Ocean AWS K8s Cloud Cluster Overview Dashboard

The Cloud Cluster Overview dashboard provides enhanced functionality to analyze the Ocean Autoscaler actions with high granularity and gain deeper insights into its behavior. This topic delves into this dashboard's various components and sections, offering a detailed exploration of its capabilities.

Ocean continuously analyzes the utilization of your nodes in the cloud infrastructure. It automatically scales compute resources to optimize utilization and availability. It achieves this by intelligently combining Spot, Reserved, and On-Demand compute instances.

The Ocean Cloud Cluster Overview dashboard is divided into the following panels:

  • Ocean Savings panel: Shows the amount of money, CPU, memory, and GPU compute resources saved when you utilize Ocean to manage your Kubernetes cluster. Specifically, these are savings from running spot instances, bin packing, and reverting to lower-cost nodes.

  • Autoscaling Activity panel: The Ocean Autoscaler automatically performs scale-up and scale-down, autohealing, and reverts nodes to lower-cost nodes, spots, and commitments based on resources or availability. This panel shows a summary of these autoscaling activities as widgets.

  • Interactive Autoscaling Activity graph: This graph displays autoscaling activity over time, providing insights into the Ocean infrastructure/applications and cluster activity.

Access the Ocean Cloud Cluster Overview

To access the Ocean Cluster Overview dashboard:

  1. In the left main menu, click Ocean, and click Cloud Clusters.

  2. Select a cluster from the list of clusters.

Ocean Savings Panel

savings-panel-14-08

The Ocean Savings panel contains a set of savings widgets (displayed as tabs), which show your savings according to Ocean’s main autoscaling processes for cluster optimization in a selected time range:

  • Running on Spot: Savings from running on spot nodes instead of OD nodes.

  • Reverting to Lower-Cost: This process is applied to nodes with underutilized compute resources that cannot be scaled down from the cluster's set of nodes to optimize cluster utilization and reduce costs.

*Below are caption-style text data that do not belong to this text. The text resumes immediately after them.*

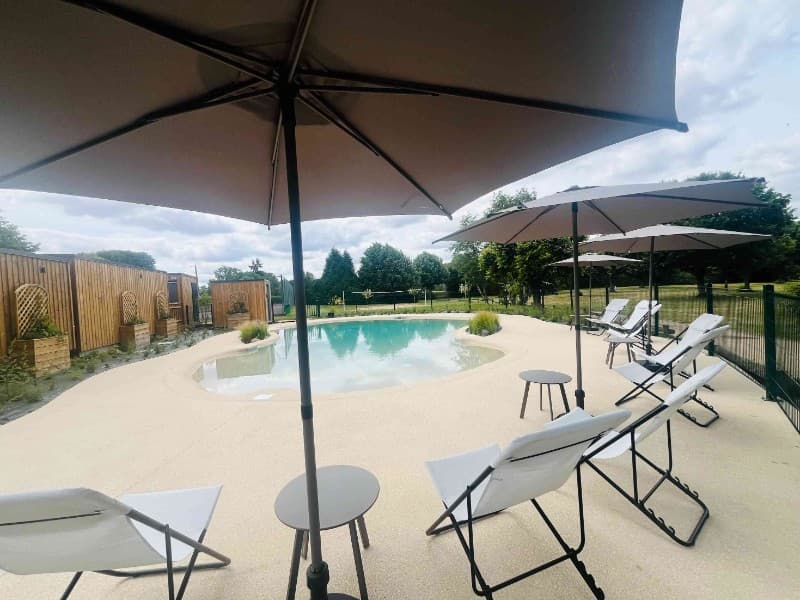PISCINE LAGON
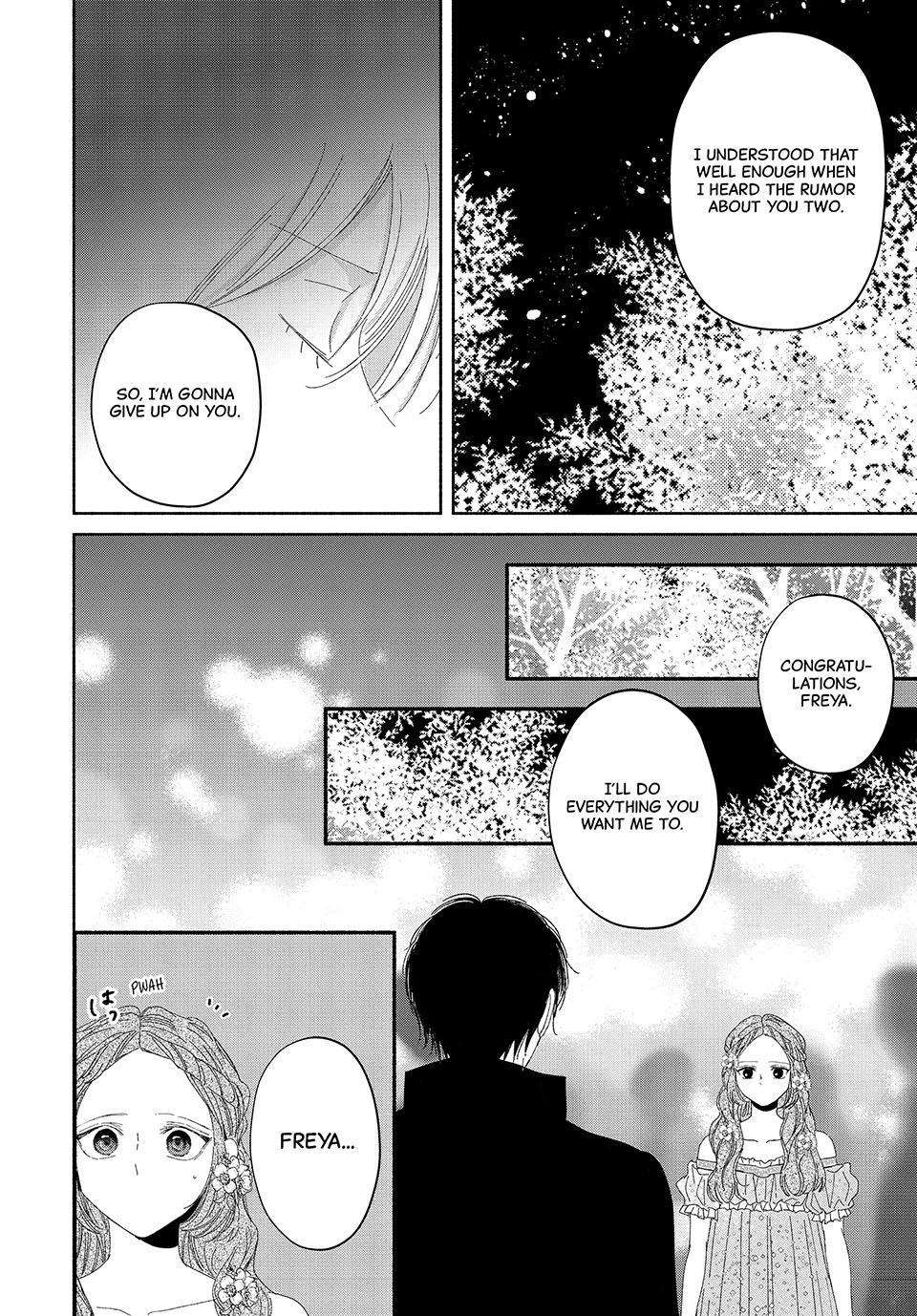 I Fell into a Situationship with the Vampire Count?! Chapter 11 page 20 - 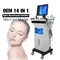 Strong 14 In 1 Hydrafacial Microdermabrasion Machine Iso Certification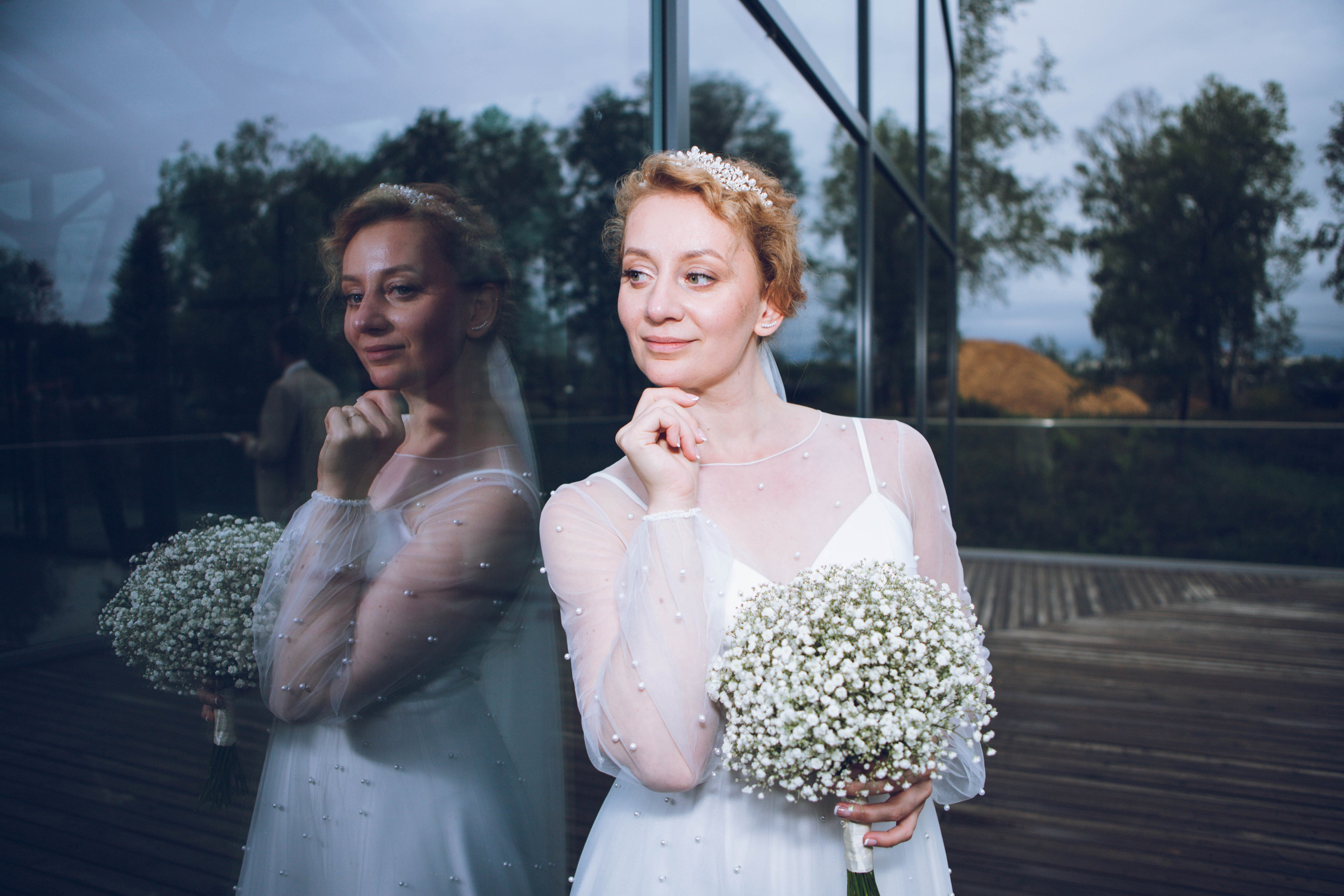 Елена и Алексей. Семейный фотограф в Обнинске Вера Весенняя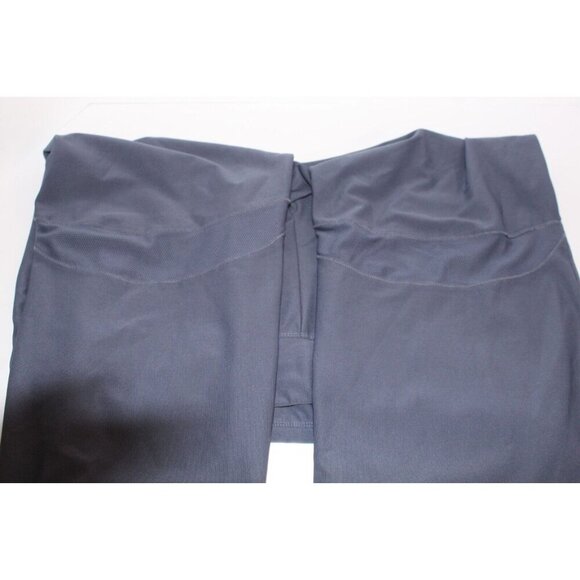 Dansko Athletic Running Yoga Workout Casual Leggings Pants Size L Cobalt Blue - Picture 7 of 13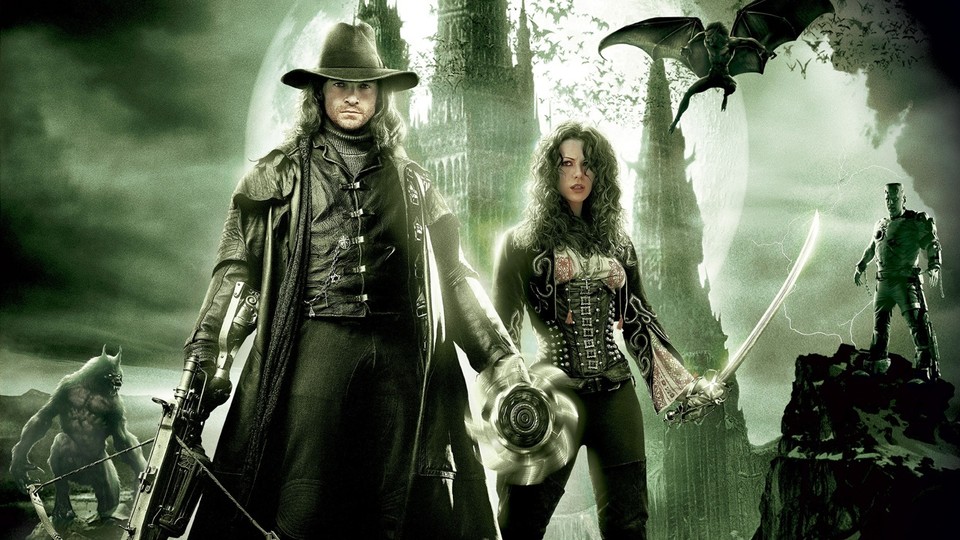 Hugh Jackman legte sich als Van Helsing mit Vampiren an - nun tritt Van Helsings Tochter als Vampirjägerin in seine Fußstapfen.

  • Right-sizing: Ocean savings from right-sizing your workloads.

  • Commitments: This process prioritizes available reserved instances and savings plan commitments over spot or full-priced on-demand instances.

In this panel:

  • You can select a time range for displayed data from the drop-down list to the right of the savings widgets. Available options are:

    • Last 30 Days
    • Last 7 Days
    • This Month.
  • For each savings widget, click on How is it calculated?

Ocean Savings from Running on Spot

The Ocean autoscaler intelligently leverages spot instances when appropriate, reducing costs while maintaining high availability. This tab lets you see the cost benefits of using spot instances in your cluster.

Ocean savings from running on spot are calculated as the difference between the price of on-demand and spot nodes within a specified time range. This calculation considers the number of CPUs, memory, and GPUs running as spot nodes.

To see these savings, click the Running on Spot tab, which shows:

  • Total estimated cluster savings = Total price if the running instances were on-demand – total price for running on spots.

  • Pie chart: VNG (Virtual Node Group) percentage savings breakdown for nodes.

  • Nodes: If one or more nodes are running on spots, the number of nodes appears. Click to see a listing of the nodes running on spots, and their types and costs, in the selected time range.

    The nodes list shows:

    • Instance ID.
    • Instance type.
    • $ spot hourly cost.
    • $ On-demand hourly cost.
    • Running hours: running on the spot node.
    • $ Savings: for running on the spot node.
    • VNG (click on the link to see the VNG details in the cluster overview - VNG tab).
Click to view image
putalttext

Ocean Savings from Reverting to a Lower Cost Node

This applies to nodes with underutilized compute resources that cannot be scaled down from the cluster's set of nodes. For example, suppose a pod was initially placed on a more expensive node due to resource constraints. In that case, Ocean autoscaler can replace it with a less expensive node when it becomes available, consequently saving costs. This tab lets you see how much you save from this dynamic resource allocation.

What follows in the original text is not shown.